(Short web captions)

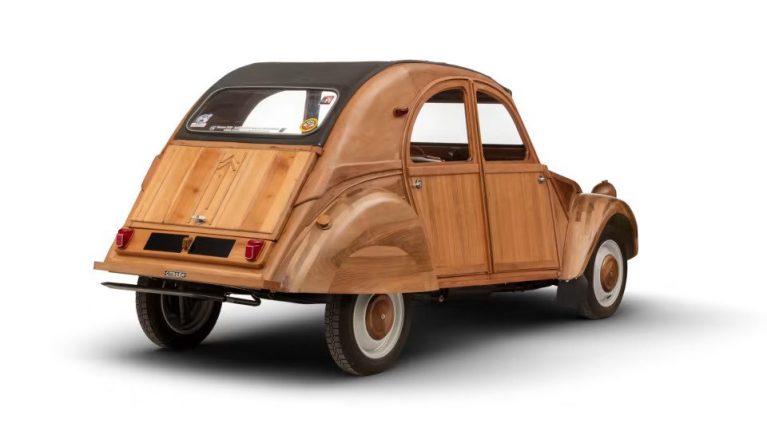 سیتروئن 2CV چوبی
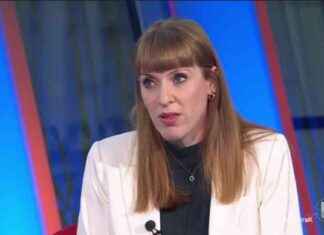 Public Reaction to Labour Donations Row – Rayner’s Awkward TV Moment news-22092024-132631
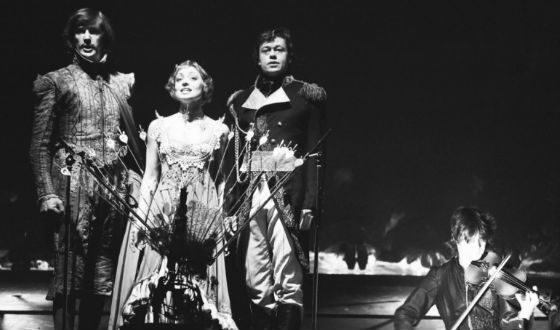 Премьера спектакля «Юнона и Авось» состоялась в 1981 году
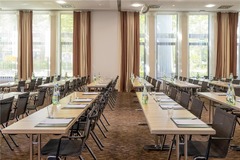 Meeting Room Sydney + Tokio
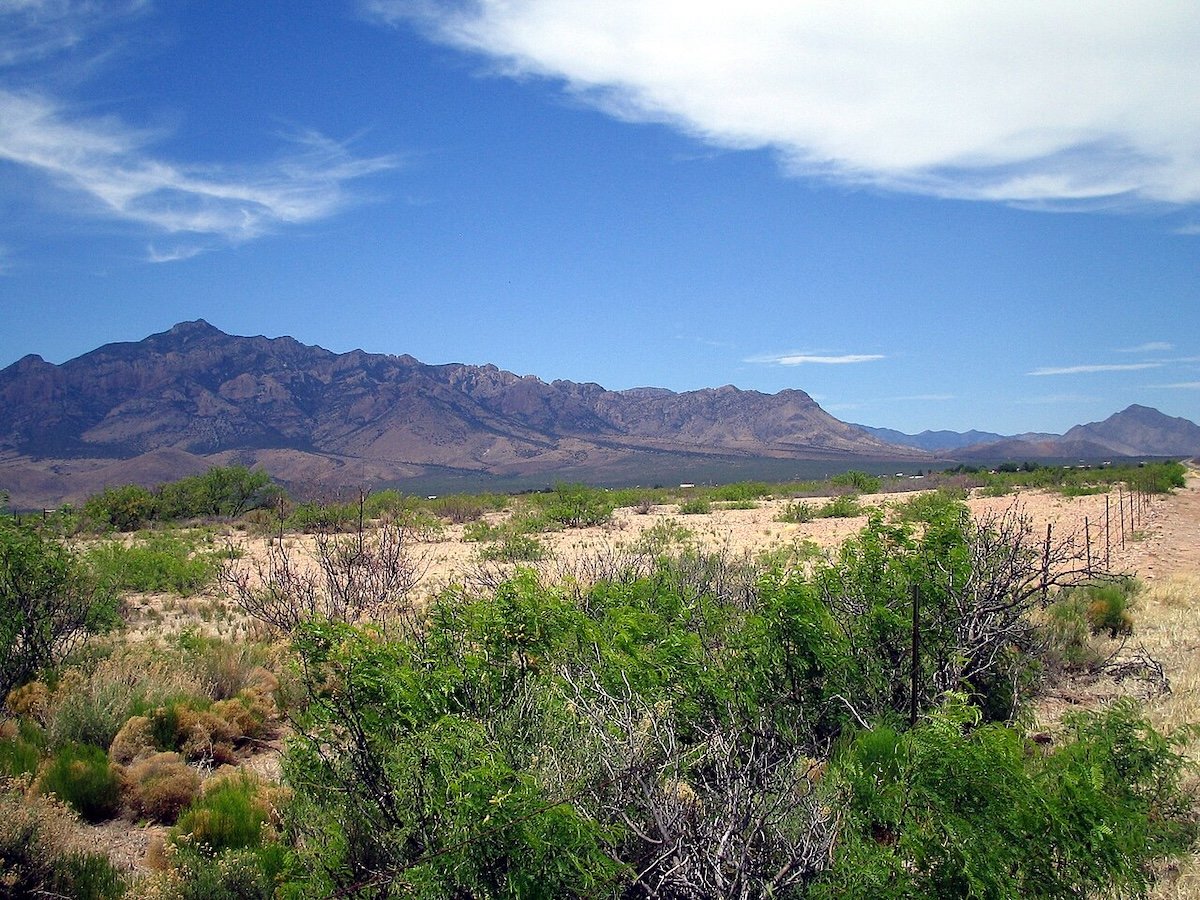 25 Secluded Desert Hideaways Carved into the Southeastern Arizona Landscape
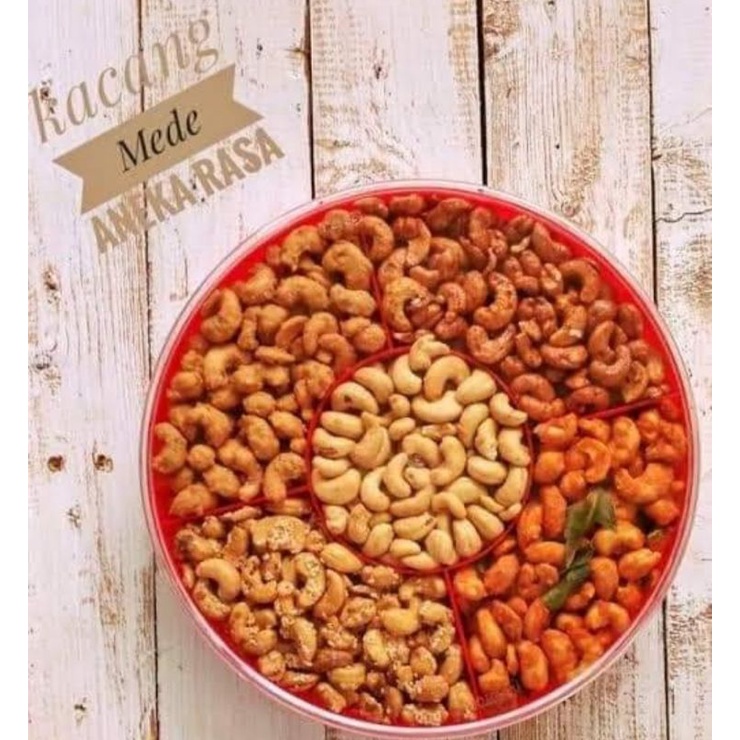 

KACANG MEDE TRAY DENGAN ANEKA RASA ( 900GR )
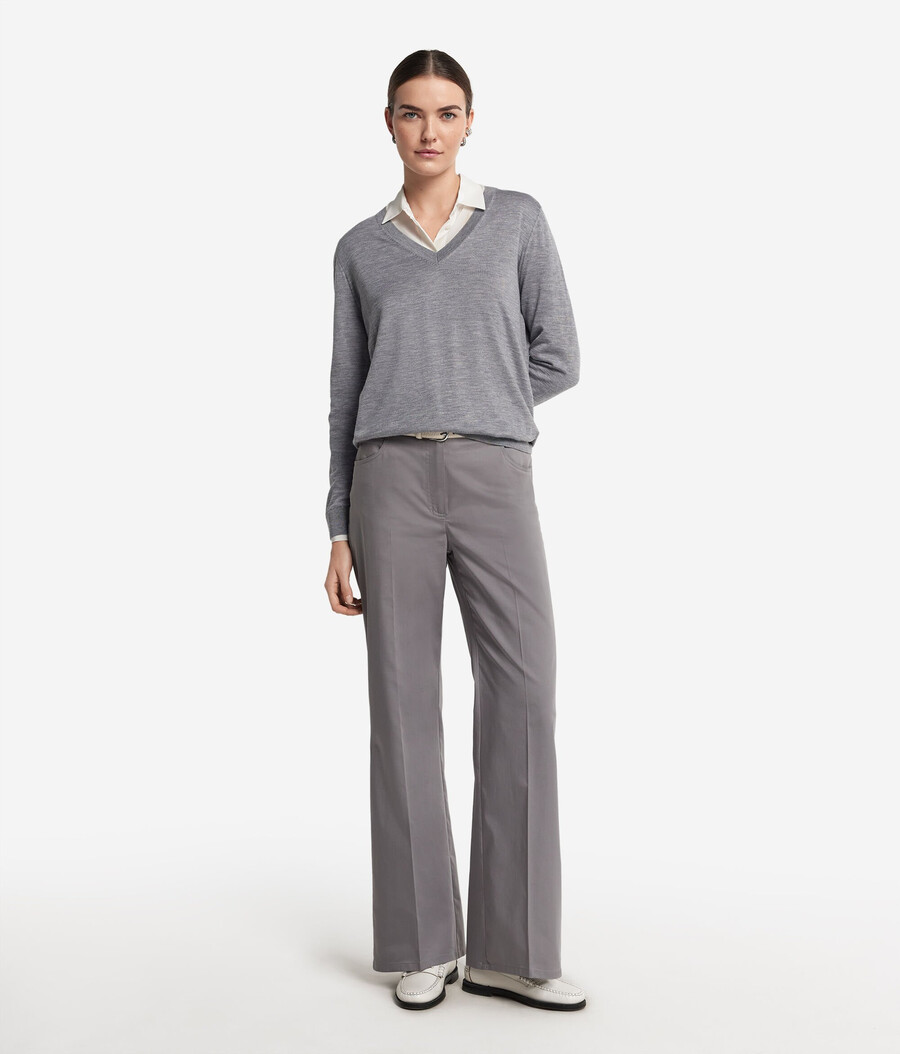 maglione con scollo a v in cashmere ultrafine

→ **INSTRUCTIONS TO FOLLOW**
Begin at the top of the records above and retype each line exactly until the line containing "KACANG MEDE TRAY DENGAN ANEKA RASA ( 900GR )", which is included. Skip all pictures.

→ **SOLUTION**
 سیتروئن 2CV چوبی
 Public Reaction to Labour Donations Row – Rayner’s Awkward TV Moment news-22092024-132631
 Премьера спектакля «Юнона и Авось» состоялась в 1981 году
 Meeting Room Sydney + Tokio
 25 Secluded Desert Hideaways Carved into the Southeastern Arizona Landscape

KACANG MEDE TRAY DENGAN ANEKA RASA ( 900GR )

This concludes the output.